A little less than an hour north of Fairbanks, the engine quit. The shocking, panic-inducing silence after the noisy roar of the engine is brief. It’s replaced by the shriek of the stall alarm.

The pilot brought the aircraft down on a treeless ridge top few miles from the Yukon River. No one was badly hurt, but it wasn’t pretty.

All photos by Mrs. WC; her camera suffered damage in the crash as well

You can see in this photo that the pilot had the flaps cranked all the way down, getting as much lift as possible and slowing the aircraft right to the edge of stall speed.

When the plane hit the ground, the wheels collapsed and the propeller struck the ground, looping the plane in a quarter circle, where it came to rest. They were high enough on the ridge top that they had radio contact with Fairbanks.

A few hours later, a helicopter came to collect them.

This is not the kind of phone message you want to get as a supervisor. “Skip” is Skip Ambrose, the supervisor of the U.S. Fish & Wildlife Service as the time.

The next day, Mrs. WC climbed into a different bush plane – another single engine DeHavilland Otter – and made the long flight up to the Colville River. And ended up staying in Alaska, despite that first day. When she told her colleague on the Colville float about the crash and, that since very few people are ever in a second aircraft crash, she felt safe, he reminded her that the statistics involve independent events.1

WC is deeply grateful for her decision to stay. We met in 1994 and married in 1995. We have flown together in dozens of different aircraft on various adventures, including a single engine DeHavilland Otter on floats to and from McNeil River.2 But without her courage following that crash, we never would have met and WC’s life would be far poorer.

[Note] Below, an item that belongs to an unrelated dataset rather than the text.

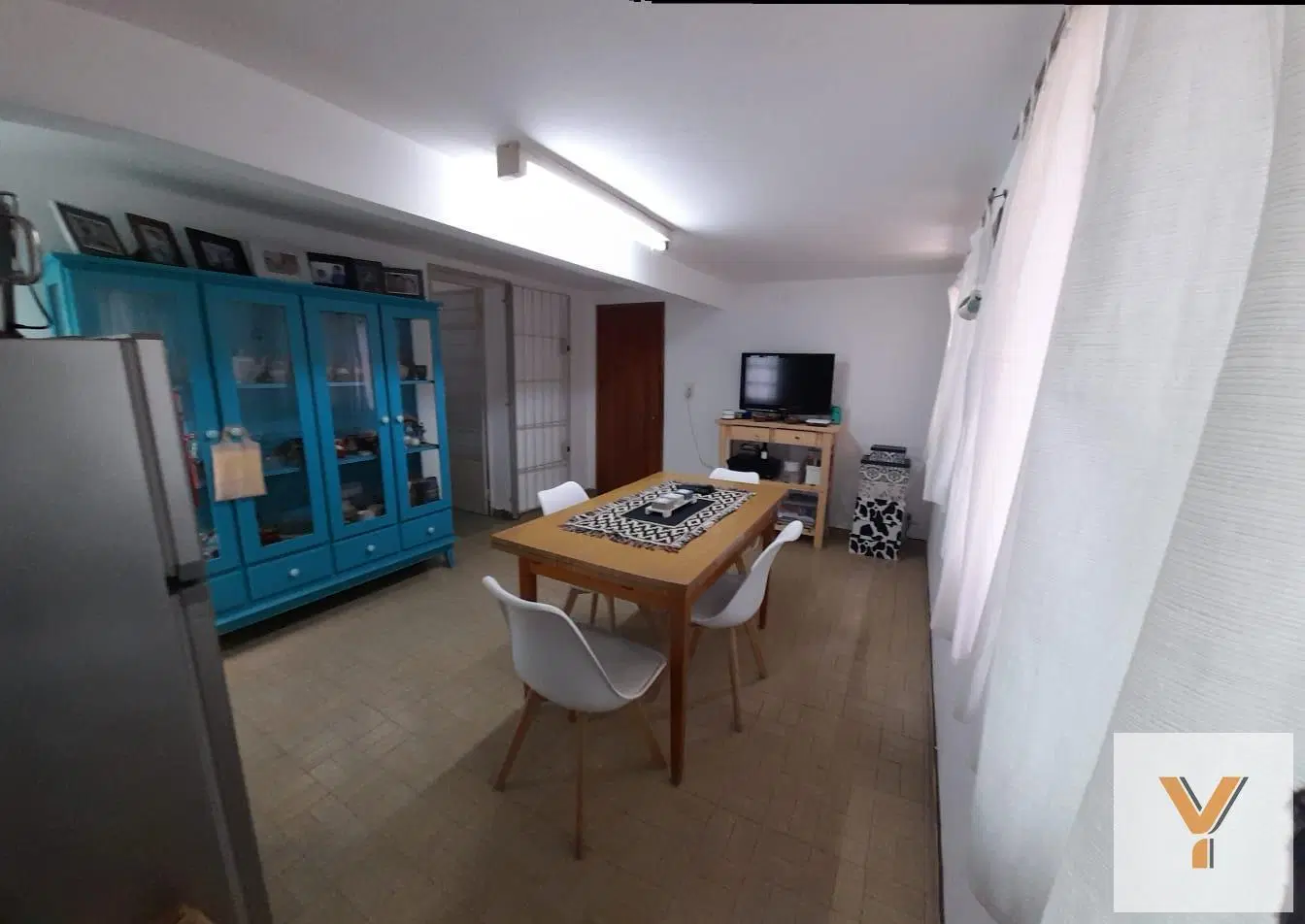 Casa en venta - 2 Dormitorios 1 Baño - 216Mts2 - Los Hornos 1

The wrecked Otter, N1037G, was snowcatted out the next winter, repaired and returned to the air. 40 Mile Air flew it for a few more years and then sold it, with the other two Otters they were flying at the time. After it went through a several different owners, it was modified with a turboprop engine and is still in service today with Rainbow King Lodge, in southwestern Alaska.3

1 Mrs. WC’s parents were less than enthusiastic about her visit to Alaska. It was some time before she told them about her first day in Alaska.
2 Admittedly, aircraft trips from time to time afterwards involved tranquilizers, but no longer.
3 WC had his own airplane crash, reported here earlier. WC’s was over before the adrenaline glands even had time to get involved. Mrs. WC had a much longer descent, and a lot more chance to “appreciate” her situation.

4 thoughts on “Mrs. WC’s First Day in Alaska

  1. Thanks for sharing this amazing story! She became a true Alaskan on her very first day in the State.

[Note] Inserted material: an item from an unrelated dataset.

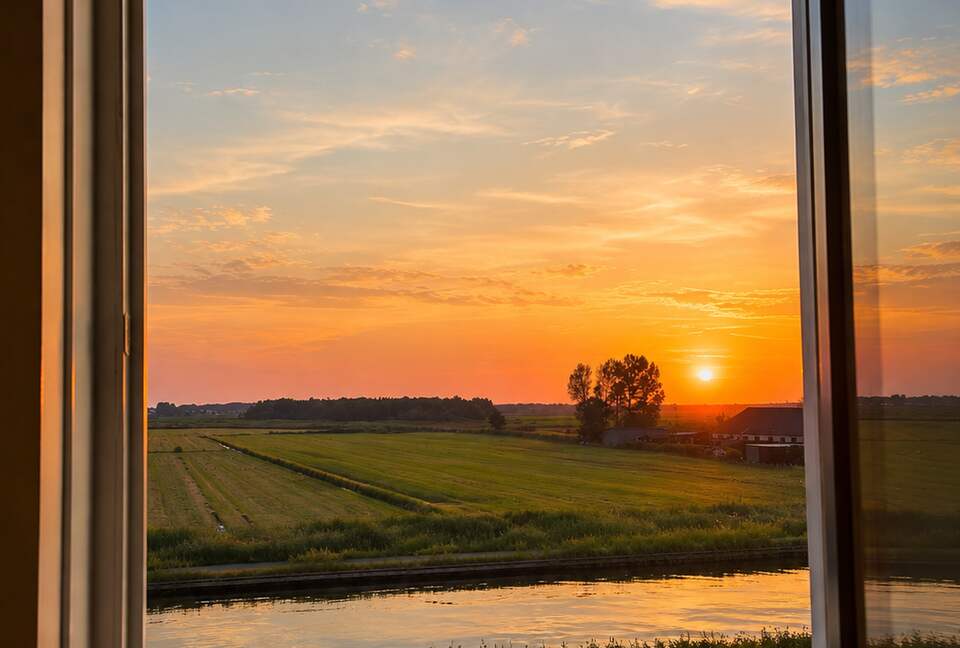 Countryside Living Near Amsterdam - Watergang, Netherlands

    Thought you might like the below exchange.


    From: Wallace Cole Subject: Re: Lowell Thomas Jr. passed away Date: October 3, 2016 at 18:09:28 AKDT To: neal brown Dear Neal,

    Jerri and I landed at Paget Farm, NH today, with plans to stay the month. I saw Lowell about 7 or 8 days ago as I was headed out of state. He acknowledged who his visitor was but he was very, very tired and slowly drifted away as I held his arm. I am glad that I had the chance to see him one more time, he was a most special friend! This floods me with such a lot of wonderful memories, even those of Tay and Lowell taking good advantage of this old farm house for periods of time while visiting Anne and her family who live just a few miles away.

    Jerri has passed your kind email on to Anne, Lowell’s daughter. She thankfully was with her Dad as he passed away.

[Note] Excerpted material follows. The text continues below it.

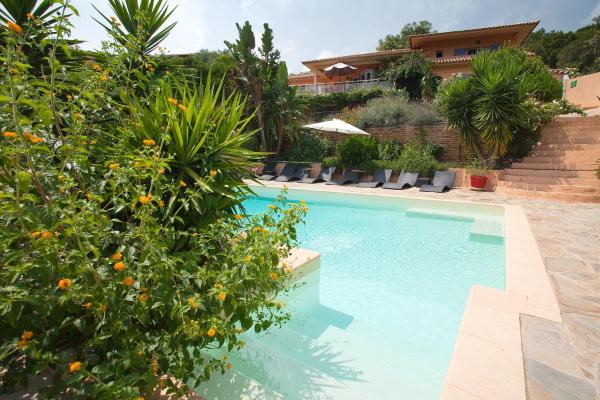 Villa Mimosa, Réserver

    Much love and appreciation from the two of us to you, Fran and your clan who likewise have made such a wonderful impact on our “community” and family. Stay well, come stay, don’t rush off……………..Wally

    PS………. The turbo fuel issue was MY fault, by accident I gave him a barrel of car gas that had ethanol mixed in it (which was common for a few months in Alaska at that time) which vaporized in the hot fuel lines/ fuel pump, which of course built reverse pressure and blocked the fuel flow. The landing strip was just up on the west ridge above the Kantishna Road House. We were all very lucky that day.

    Liked by 1 person

  2. Wowzers! That is dedication to nesting raptors. So glad no one was seriously injured and amazed that the little Otter is still in use; albeit as a turboprop.


  3. You are a lucky guy that she decided to stay after her ordeal but she’s also a lucky gal to have met up with you. You guys have a great partnership and work well together.